16 March 2008

Carbon Trading, Bubble Hysteria

In the past, I thought that carbon trading of the style proposed by the Kyoto treaty could be a positive way to affect change, both from the point of view of climate change and peak oil. I have gradually come to change my mind, and I now favour a vanilla carbon tax with no loop holes. My decision was largely made watching the fallout from the dot-com bust, and now the US mortgage security shenanigan's.

Anything that Wall Street can game to enrich themselves, they will game. These crony capitalists with their derivatives and good-old-boys compensation schemes are really the enemy of free market entrepreneurship. If you bought $50 puts on Bear Sterns on Monday (10Mar2008), you gained a lot of money, but no wealth was crated.
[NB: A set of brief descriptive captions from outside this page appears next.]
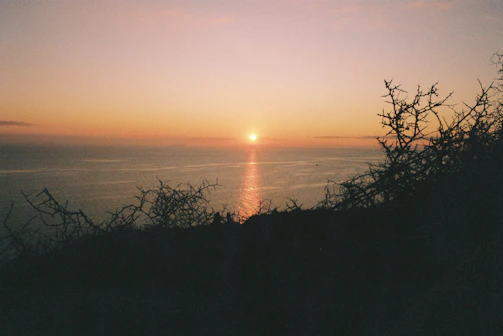 A captivating frame featuring a sunset over a calm ocean horizon.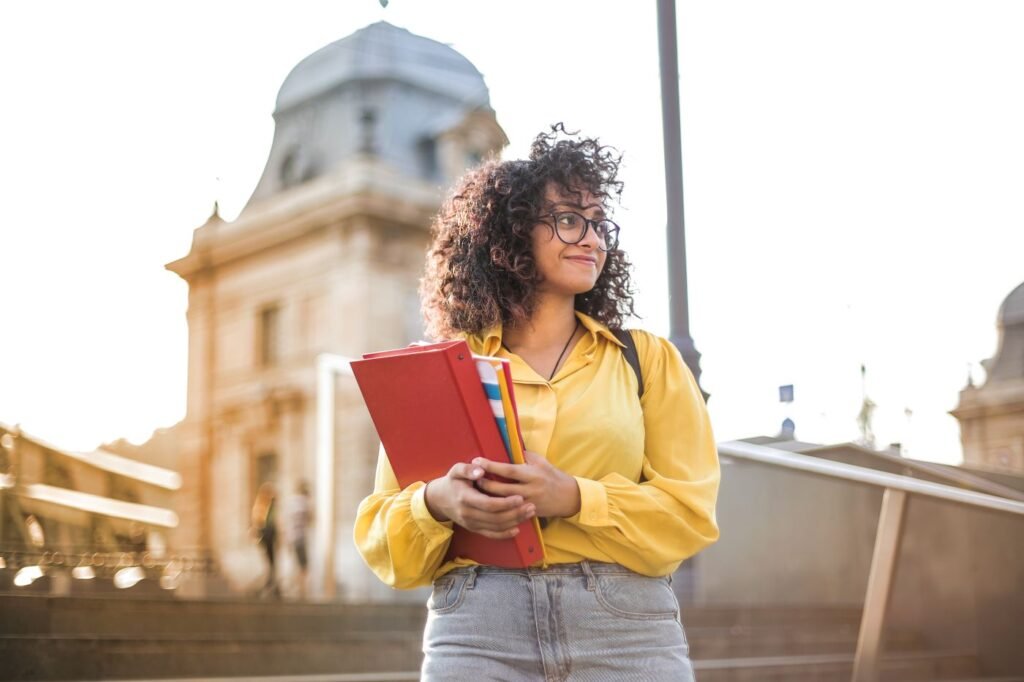A smiling student with curly hair and glasses holding books on campus steps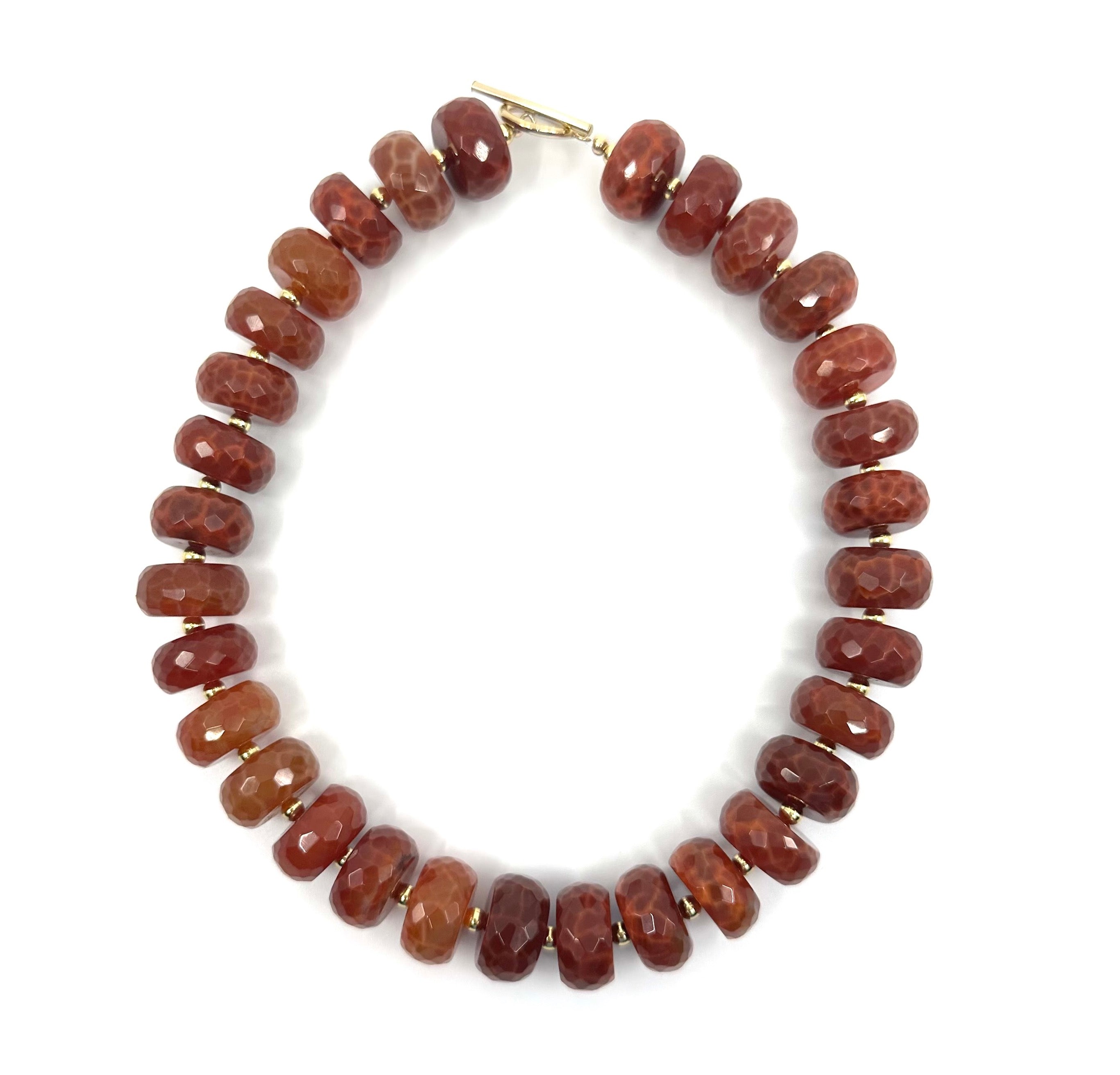 Elegant fire agate choker by rraine featuring faceted fire agate beads and a gold-filled clasp, measuring 16 inches in length.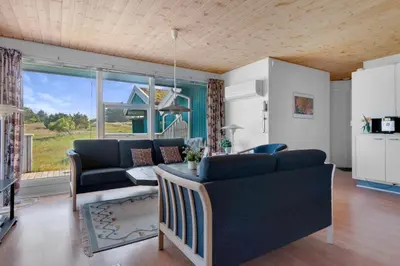 a living room with a couch and a table at Skytten 5 - Environmentally Friendly Holiday Home in Hune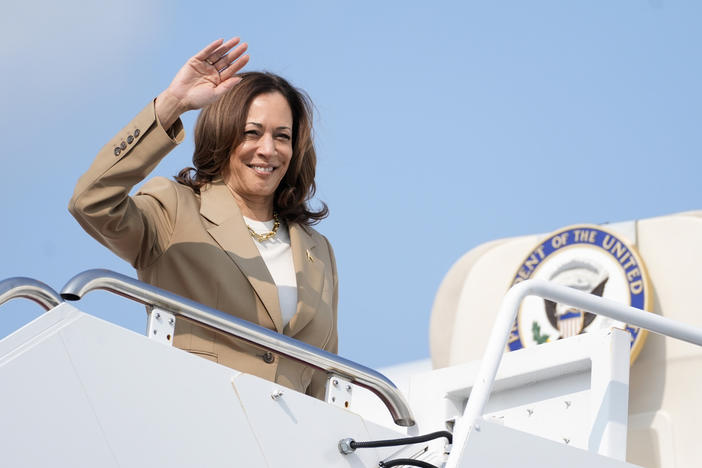 Vice President Kamala Harris waves while boarding Air Force Two as she departs Westfield-Barnes Regional Airport in Westfield, Mass., Saturday, July 27, 2024.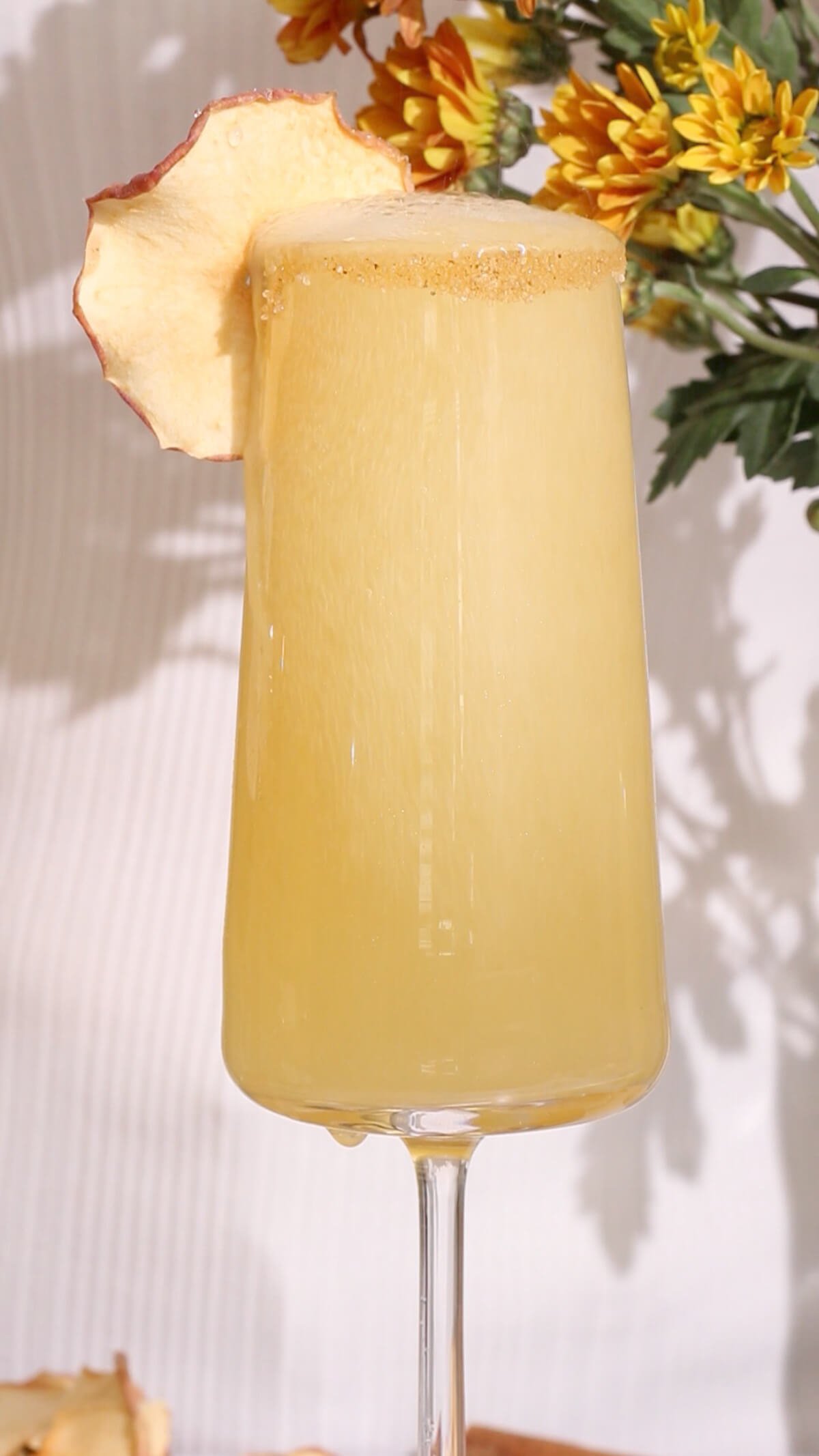 close up of a yellow mocktail in a champagne flute made with apple cider and non-alcoholic wine.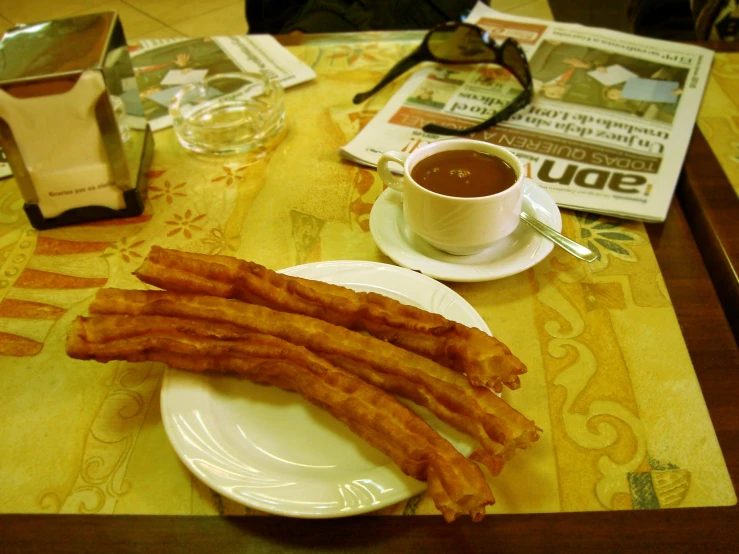 a plate of fried eggs with dipping sauce next to coffee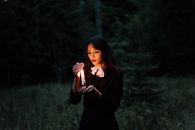 黑暗的森林中，一名年轻女子手持蜡烛，营造出神秘的氛围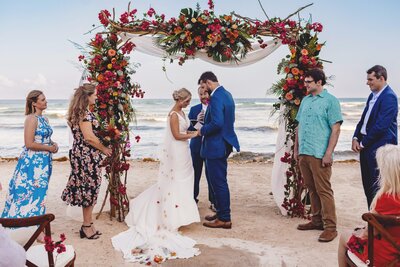 Bride and groom under arch at beach wedding in R
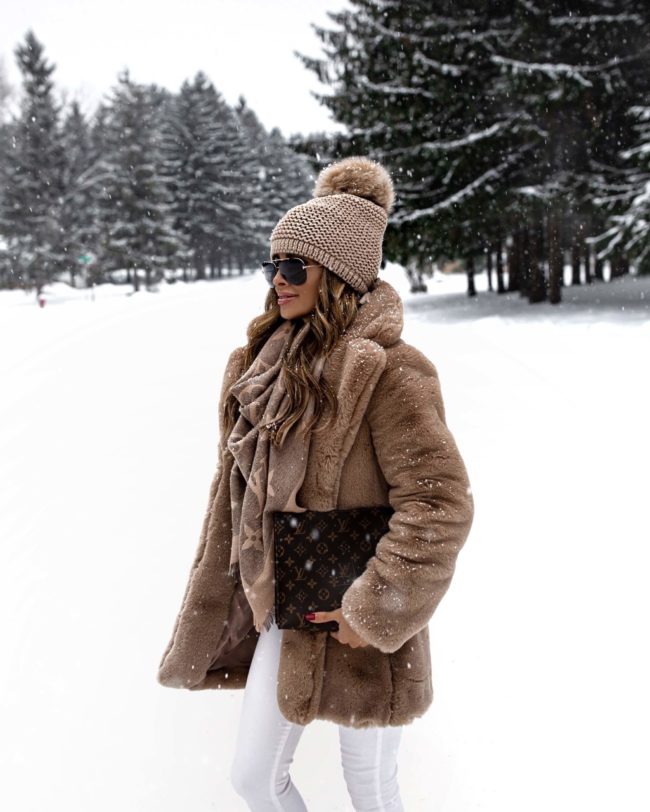 fashion blogger mia mia mine wearing a faux fur coat from revolve with a louis vuitton pouch 26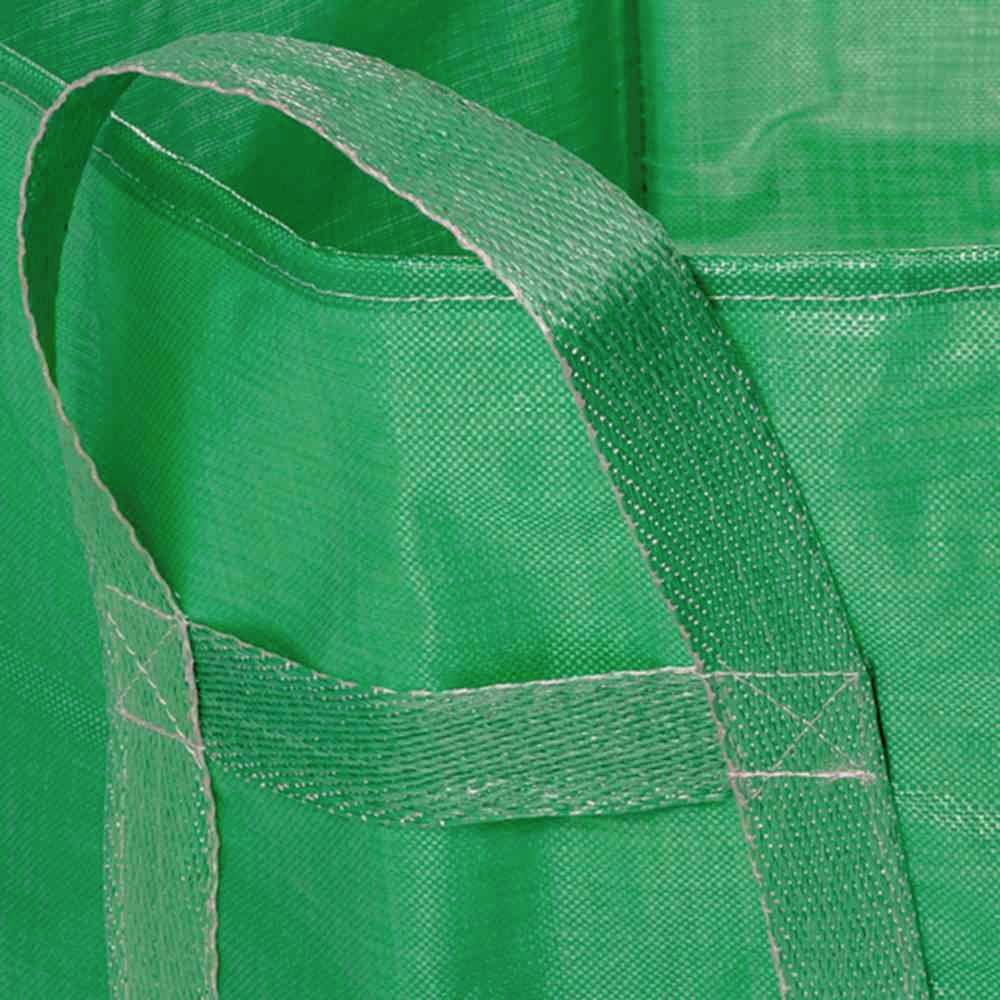 Una borsa della spesa riutilizzabile verde, realizzata in tessuto, con manico ben visibile.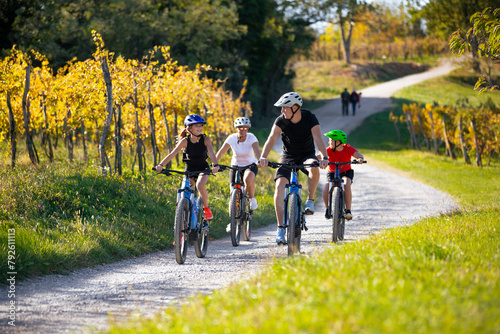 Family of four riding e-bikes in beautiful nature in autumn © JRP Studio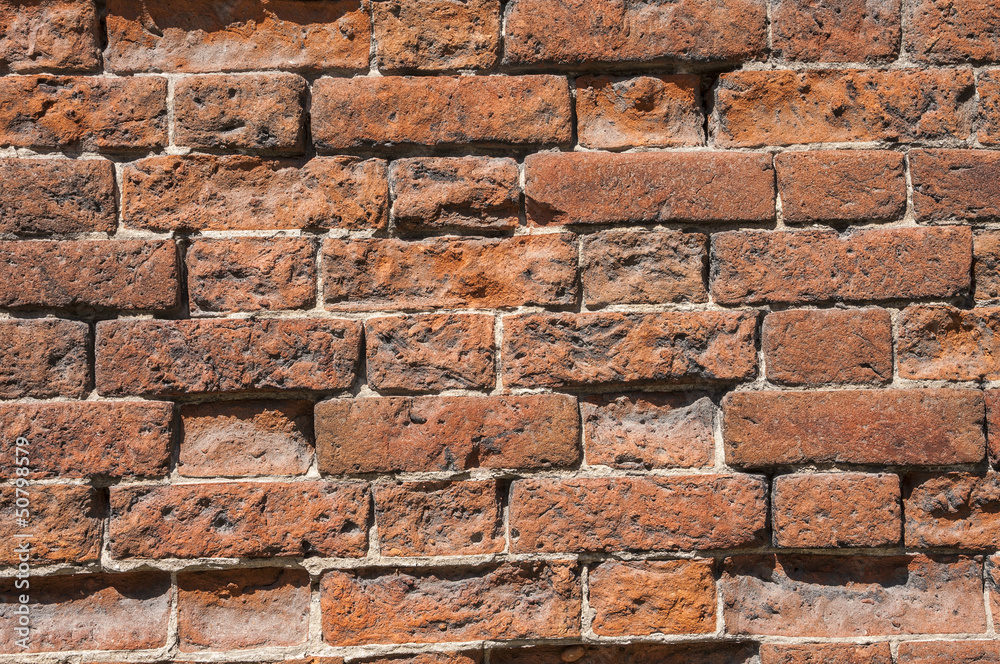 Old weathered red brick wall as background Old weathered red brick wall as background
I fail to see any advantage in giving Wall Street access to the carbon market.

A lot of people suspect that the recent run-up in commodities is largely due to money flowing out of mortgage securities and into commodities. I am not convinced of this, due to a number of factors.

Past pump and dumps in commodities — such as nickel — can work because you can store an entire years worth of the world's nickel production in a single large warehouse. On the other hand, a day's worth of oil production is roughly a cube 300 m on each side. It's very difficult to take oil out of the system unless you are a national oil company.

Furthermore, demand remains remarkably inelastic. Predictions of any tipping point where demand suddenly falls off at some price-point haven't panned out. When oil is consumed, it's really gone.

In addition, a huge hunk of the recent run-up in crude oil prices is simply due to the devaluation of the US dollar. The proof is in the US dollar index. So yes, the US is getting hosed on their oil consumption but the majority of the world's consumption is pretty well hedged against this rise.

China even subsidizes the cost of oil to their citizen-consumers. They have to do something with their dollar reserves. So even if we see a lot of demand destruction for petroleum from the USA it's not clear if that will really hammer the price of oil back down to $80 for a sustained period. The twin inflationary and deflationary pressures currently at war between the US Federal Reserve and Wall Street respectively make that an extremely difficult call to make.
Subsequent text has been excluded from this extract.